Incarcéré à la prison Saint-Michel puis dans les sordides caves du siège de la Gestapo, rue Maignac, Forain François VERDIER endure les 44 derniers jours de sa vie.
44 jours d’emprisonnement, de torture, d’interrogatoires interminables et répétés, de sévices abominables et inhumains.
Il nie tout, tandis qu’aucune preuve ne peut-être excipée contre lui.
Et il se tait. Il se tait. Il se tait.
La force de ses convictions, anciennes et solides, est son unique armure. Et quelle armure !
Il pense aux siens avec émotion et tendresse et, en homme de raison, sans doute revisite-t-il dans sa tête ses engagements successifs dont le fil conducteur logique l’a conduit à cette extrémité…
Il se savait en danger depuis un certain temps, on lui avait proposé d’entrer en clandestinité pour se protéger.
Mais non, il avait préféré continuer, car il lui fallait circuler librement pour poursuivre son travail d’unification.
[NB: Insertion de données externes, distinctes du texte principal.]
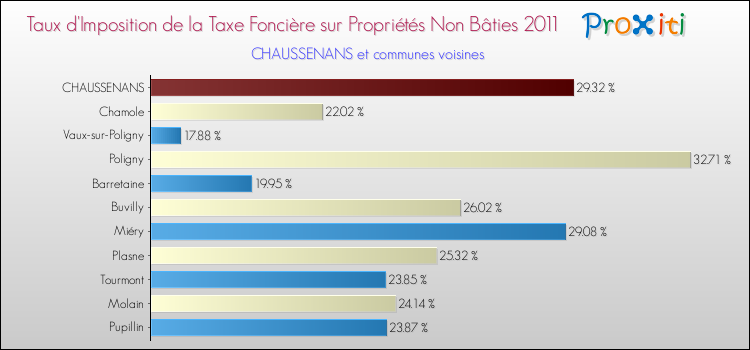 Taux d'imposition de la taxe foncière sur les immeubles et terrains non batis 2011 pour CHAUSSENANS et les communes proches Comparaison des taux d'imposition de la taxe foncière sur les immeubles et terrains non batis 2011 pour CHAUSSENANS et les communes voisines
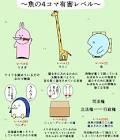 ニョペ茄子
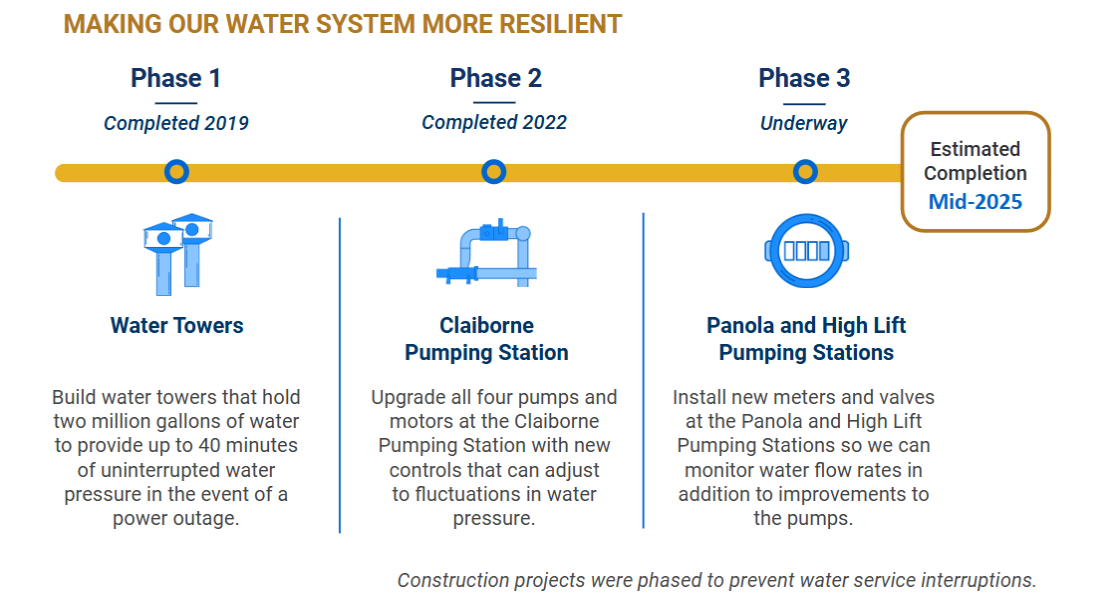 Timeline graphic showing SWBNO has completed two of the three phases of the Water Hammer Hazard Mitigation Program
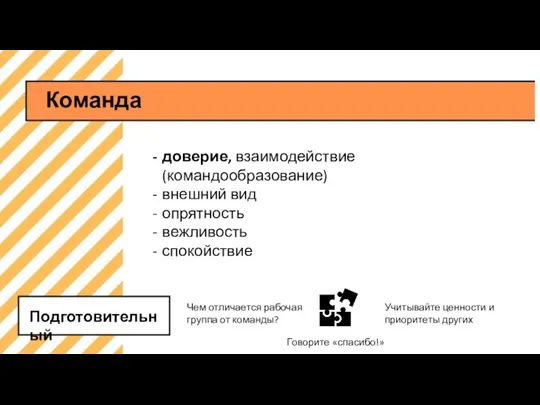 Команда Подготовительный доверие, взаимодействие (командообразование) внешний вид опрятность вежливость спокойствие Чем отличается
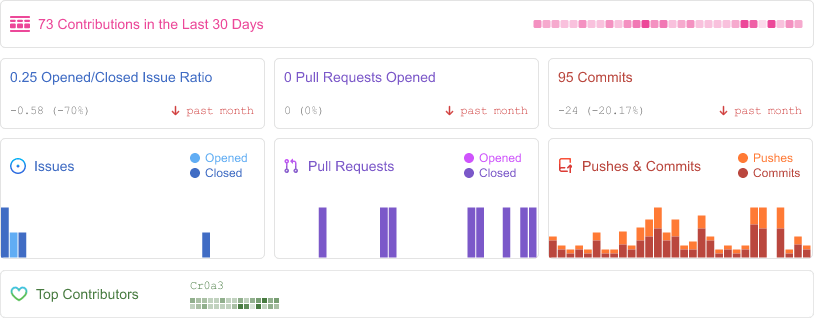 Contribution activity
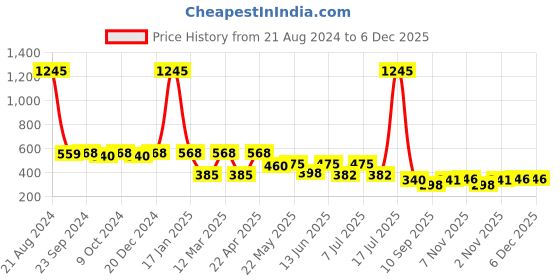 myntra.com NuVew Unisex Sports Sunglasses with UV Protected Lens ES_16405 nuvew Price History Graph from 21 Aug 2024 to 5 Dec 2025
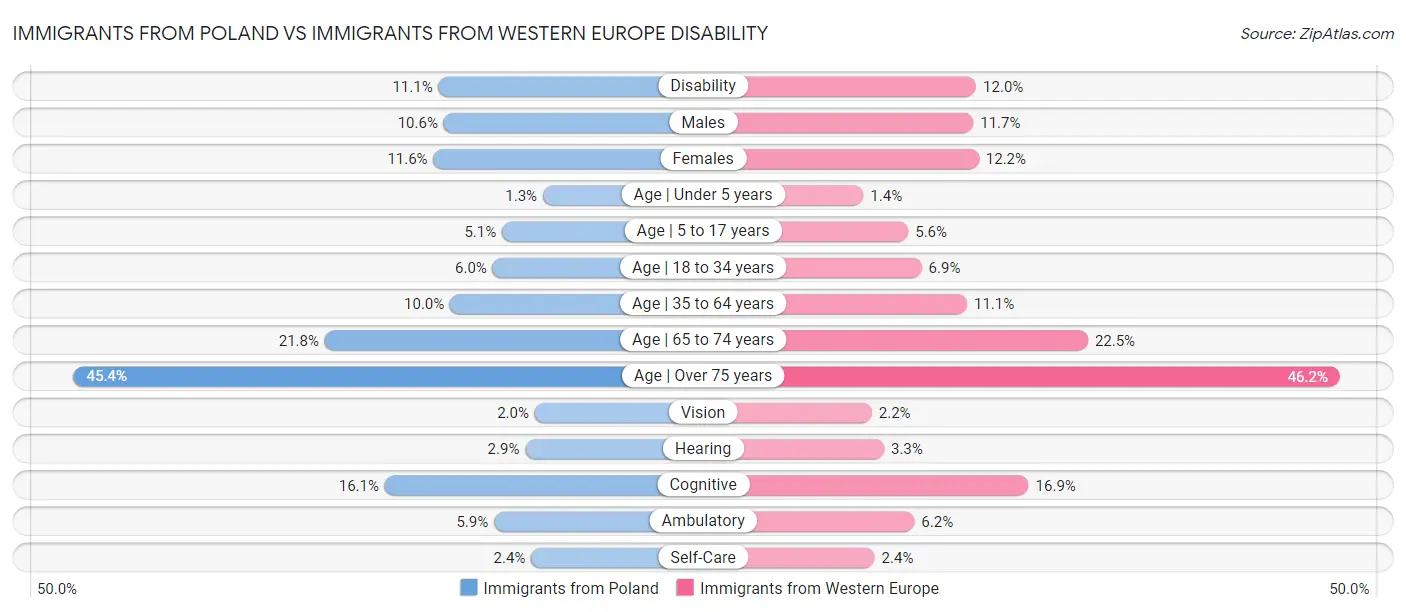 Immigrants from Poland vs Immigrants from Western Europe Disability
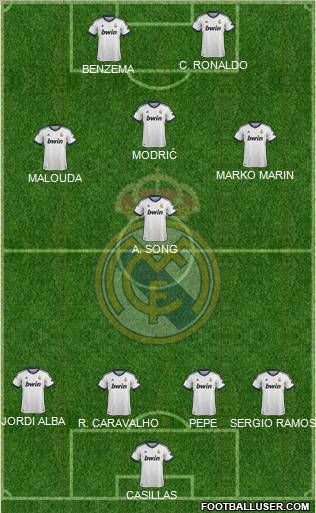 Real Madrid C.F. Formation 2012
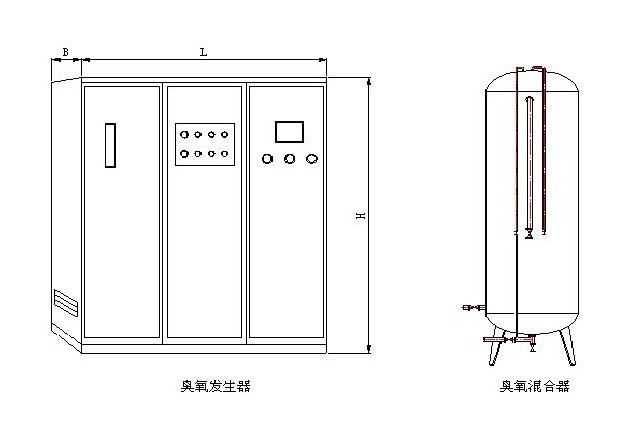 臭氧发生器设计要点 臭氧发生器产品报价 济南臭氧消毒器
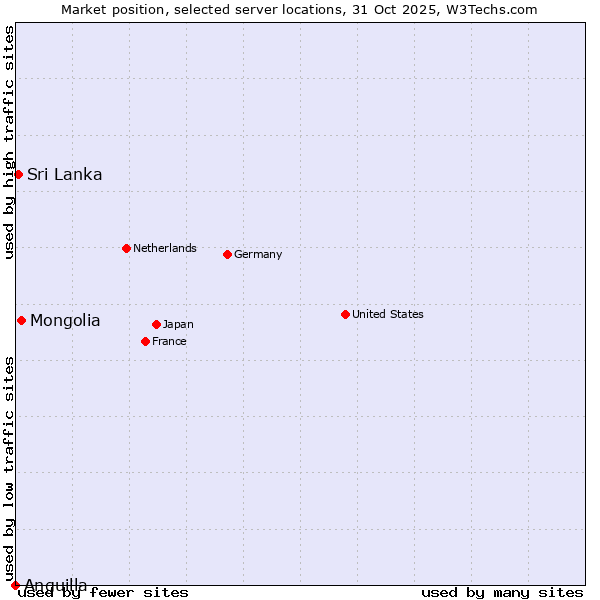 Market position of Mongolia vs. Sri Lanka vs. Anguilla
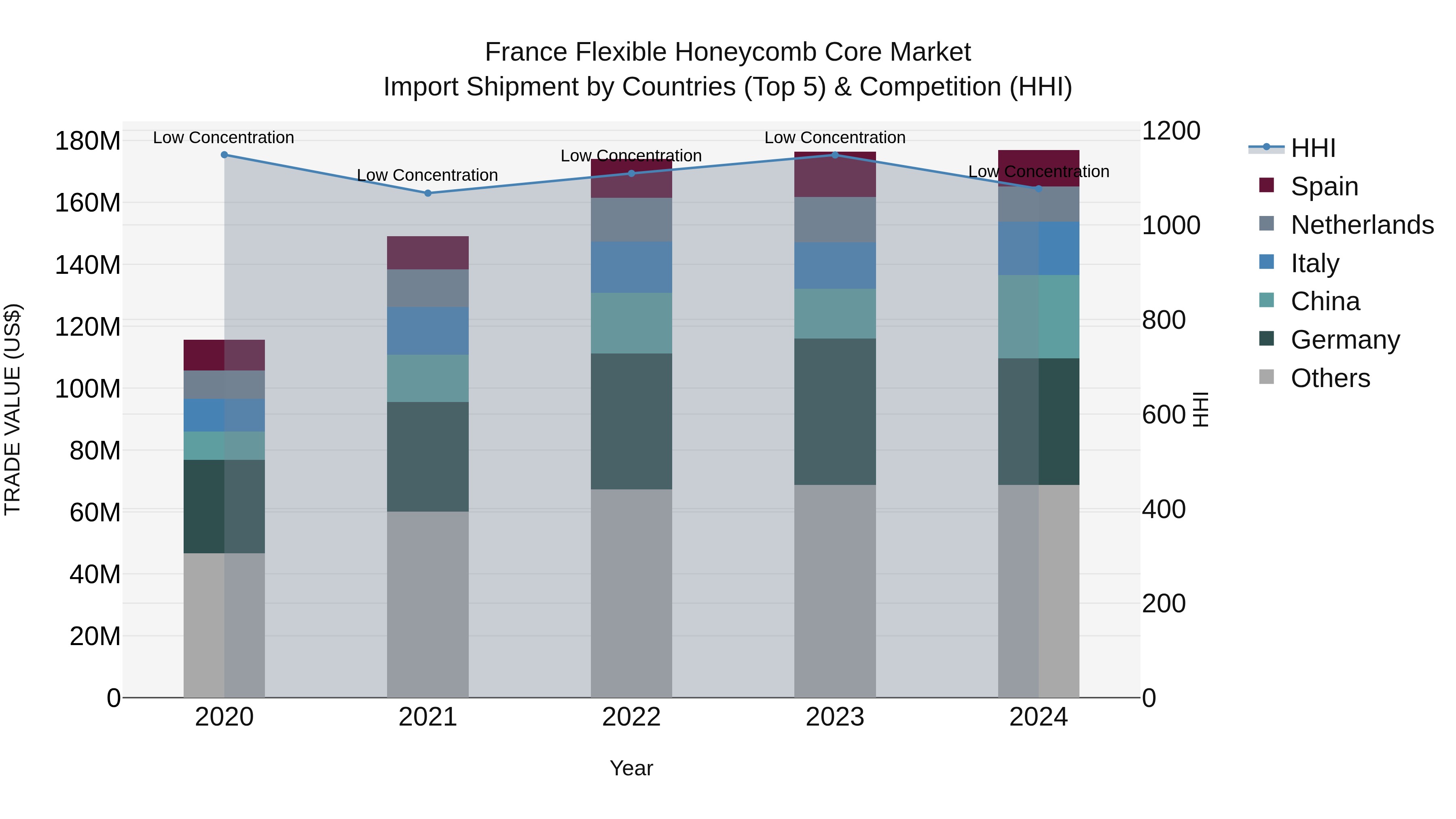France Flexible Honeycomb Core Market Top 5 Importing Countries and Market Competition (HHI) Analysis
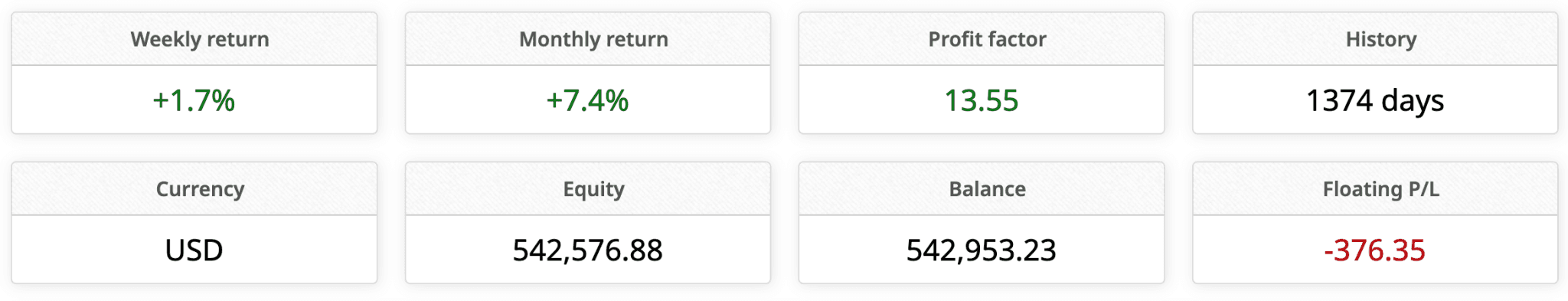 FN Capital - Like a Cash Account, But Smarter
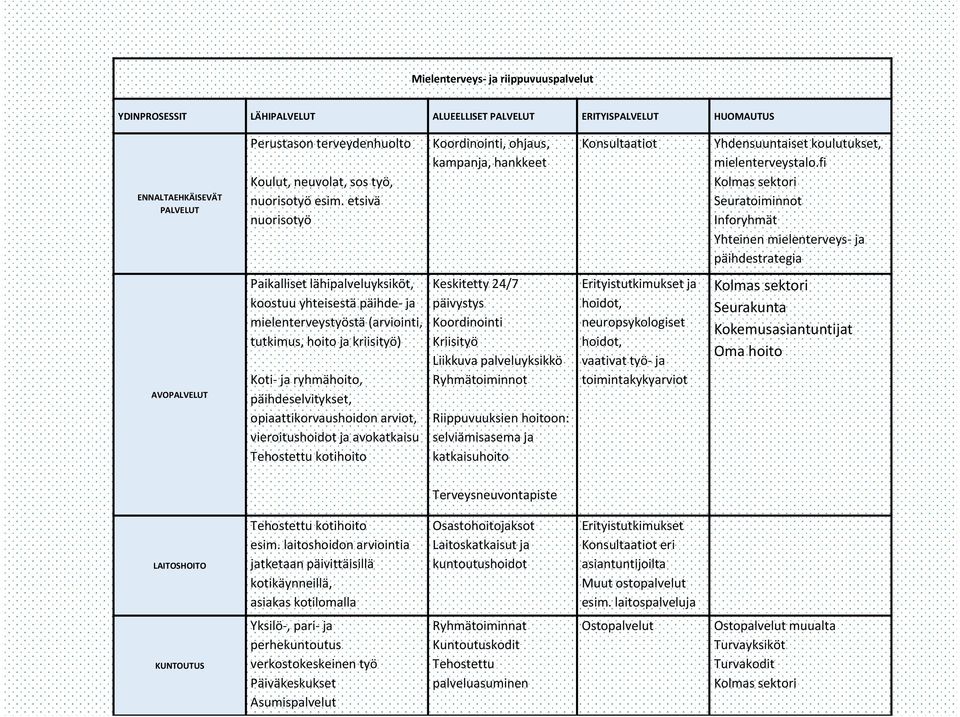 fi Kolmas sektori Seuratoiminnot Inforyhmät Yhteinen mielenterveys ja päihdestrategia AVOPALVELUT Paikalliset lähipalveluyksiköt, koostuu yhteisestä päihde ja mielenterveystyöstä (arviointi,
Alors, il est allé jusqu’au bout de ses engagements, pleinement conscient du risque, du danger qu’il encourait.
Il n’y a pas d’engagement sans risque.
Il n’y a pas de prise de risque sans courage.
Le courage absolu, la force de ne rien dire quand on sent approcher de soi la menace de la mort, confine au mystère.
Ici même, il y a 5 ans, Maître Pascal NAKACHE, lointain successeur de François VERDIER à la Ligue des Droits de l’Homme, exprimait à voix haute nos propres interrogations :
« Comment peut-on, dans les pires souffrances, lorsqu’on n’est plus qu’une plaie à vif, lorsque se pointe le canon des armes, lorsque l’on sent le souffle glacé de la mort, demeurer guidé par le sens de l’honneur, la fidélité, l’humanité ? …[Le courage] c’est d’abord et avant tout l’âme forte et la tête froide de celui qui, ayant tout bien pesé et surmontant sa peur, décide d’affronter le danger ».
Il y a près de 80 ans, en gardant le silence, Forain a tenu parole.
Il est resté fidèle à sa parole.
Aujourd’hui, en hommage à son silence, nous prenons la parole.
Pour réunir les cœurs.
Pour réaliser cette unité dans la diversité qui a pour nom République.